Restate word for word each line of the data, starting at the one containing "Sculpture - View 8" and running through the last.

Data extracted from a collection ::
══════════

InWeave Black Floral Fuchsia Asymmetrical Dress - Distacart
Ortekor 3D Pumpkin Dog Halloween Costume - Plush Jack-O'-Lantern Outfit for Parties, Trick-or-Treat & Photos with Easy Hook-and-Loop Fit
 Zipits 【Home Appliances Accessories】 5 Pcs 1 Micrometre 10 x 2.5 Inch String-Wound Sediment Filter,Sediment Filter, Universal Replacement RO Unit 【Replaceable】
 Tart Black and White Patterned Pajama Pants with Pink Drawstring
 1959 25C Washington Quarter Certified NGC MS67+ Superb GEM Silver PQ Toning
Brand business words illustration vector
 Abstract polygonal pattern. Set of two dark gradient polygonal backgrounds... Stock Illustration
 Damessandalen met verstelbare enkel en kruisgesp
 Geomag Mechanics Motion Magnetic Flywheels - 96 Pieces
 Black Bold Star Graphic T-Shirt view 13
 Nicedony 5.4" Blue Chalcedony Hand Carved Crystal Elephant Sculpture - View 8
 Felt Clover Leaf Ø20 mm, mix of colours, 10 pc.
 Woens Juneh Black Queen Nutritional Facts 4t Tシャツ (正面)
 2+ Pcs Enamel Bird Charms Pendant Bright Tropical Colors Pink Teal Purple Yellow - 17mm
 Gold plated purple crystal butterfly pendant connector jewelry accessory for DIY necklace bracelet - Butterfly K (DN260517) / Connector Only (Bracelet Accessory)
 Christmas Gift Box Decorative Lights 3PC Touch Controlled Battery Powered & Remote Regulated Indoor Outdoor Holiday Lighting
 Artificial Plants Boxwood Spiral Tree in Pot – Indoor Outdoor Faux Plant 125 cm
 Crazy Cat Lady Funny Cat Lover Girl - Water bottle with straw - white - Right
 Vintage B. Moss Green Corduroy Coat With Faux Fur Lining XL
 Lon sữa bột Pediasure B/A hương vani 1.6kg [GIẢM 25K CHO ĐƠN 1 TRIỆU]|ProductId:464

══════════

Response box ::
 Nicedony 5.4" Blue Chalcedony Hand Carved Crystal Elephant Sculpture - View 8
 Felt Clover Leaf Ø20 mm, mix of colours, 10 pc.
 Woens Juneh Black Queen Nutritional Facts 4t Tシャツ (正面)
 2+ Pcs Enamel Bird Charms Pendant Bright Tropical Colors Pink Teal Purple Yellow - 17mm
 Gold plated purple crystal butterfly pendant connector jewelry accessory for DIY necklace bracelet - Butterfly K (DN260517) / Connector Only (Bracelet Accessory)
 Christmas Gift Box Decorative Lights 3PC Touch Controlled Battery Powered & Remote Regulated Indoor Outdoor Holiday Lighting
 Artificial Plants Boxwood Spiral Tree in Pot – Indoor Outdoor Faux Plant 125 cm
 Crazy Cat Lady Funny Cat Lover Girl - Water bottle with straw - white - Right
 Vintage B. Moss Green Corduroy Coat With Faux Fur Lining XL
 Lon sữa bột Pediasure B/A hương vani 1.6kg [GIẢM 25K CHO ĐƠN 1 TRIỆU]|ProductId:464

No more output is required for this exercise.